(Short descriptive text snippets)
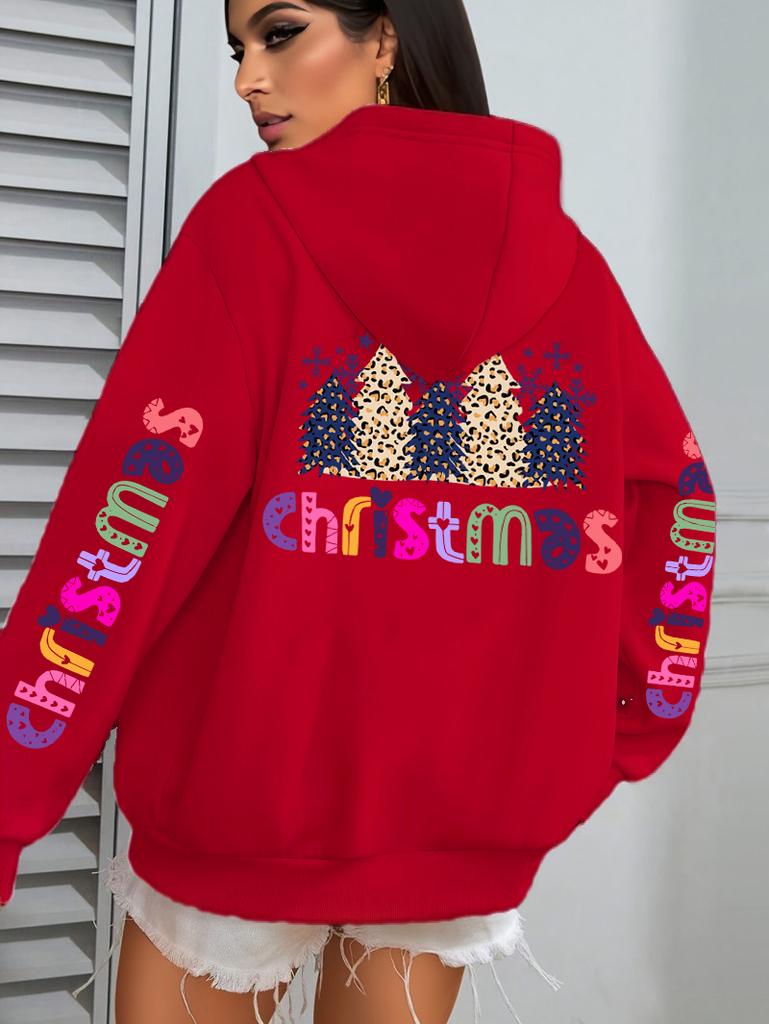 Merry Christmas Leopard Trees Printing Hoodie Women Hip Hop All-Match Streetwear Casual Loose Hoodies Fleece Autumn Woman Hoody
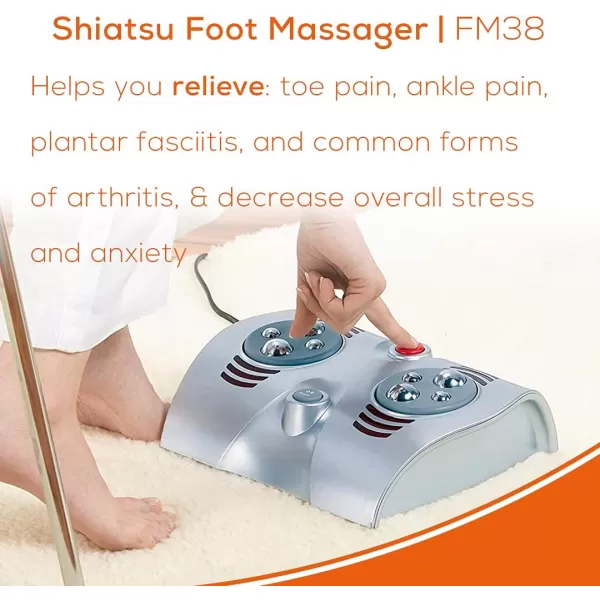 Beurer Shiatsu Foot Massager with 8 Rotating Nodules amp Optional Heat Function Basic SilverSilver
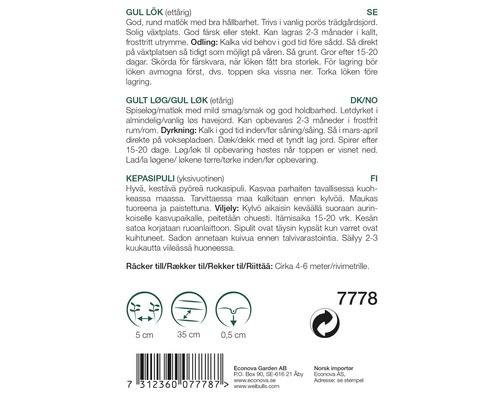 Information om sådd av gul lök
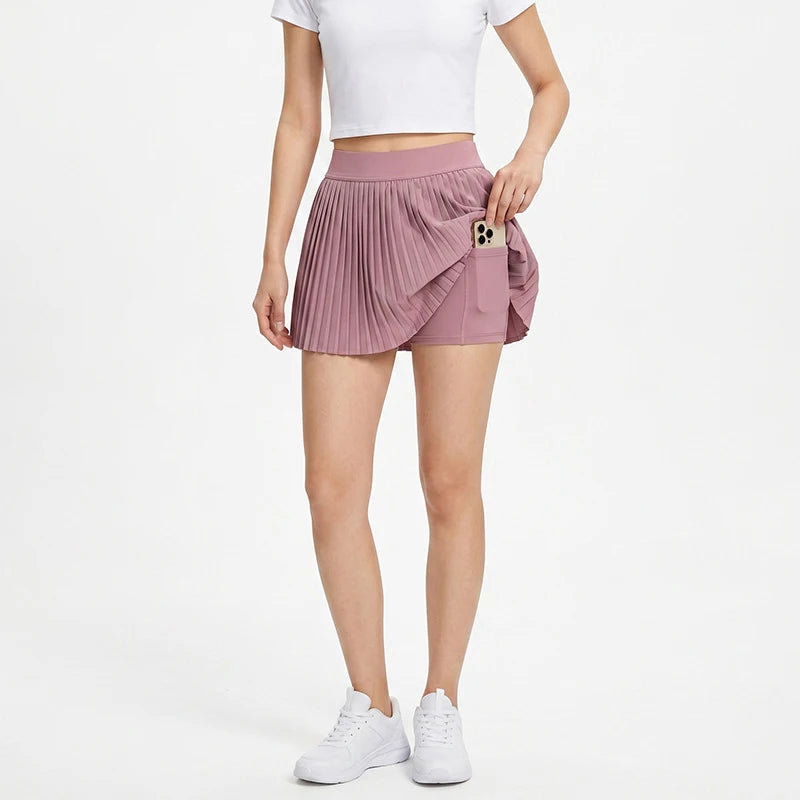 BIVIGAOS Summer Fashion High Waist Sport Short Skirt Women Youthful Cute Mini Skirt Safety Shorts Accordion Pleated Tennis Skirt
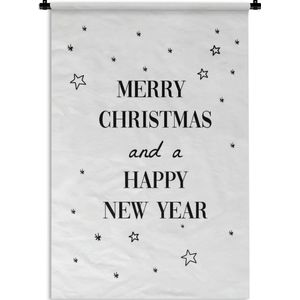 Wandkleed Quotes kerst - Schitterend cadeau voor kerst - Merry christmas and a happy new year wit Wandkleed katoen 120x180 cm - Wandtapijt met foto XXL / Groot formaat!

* PROBLEM TO WORK ON:
Your task is to restate word for word the lines from the top of the data to the line containing "Information om sådd av gul lök", both ends included, with every picture left out.

* YOUR SOLUTION:
 Merry Christmas Leopard Trees Printing Hoodie Women Hip Hop All-Match Streetwear Casual Loose Hoodies Fleece Autumn Woman Hoody
 Beurer Shiatsu Foot Massager with 8 Rotating Nodules amp Optional Heat Function Basic SilverSilver
 Information om sådd av gul lök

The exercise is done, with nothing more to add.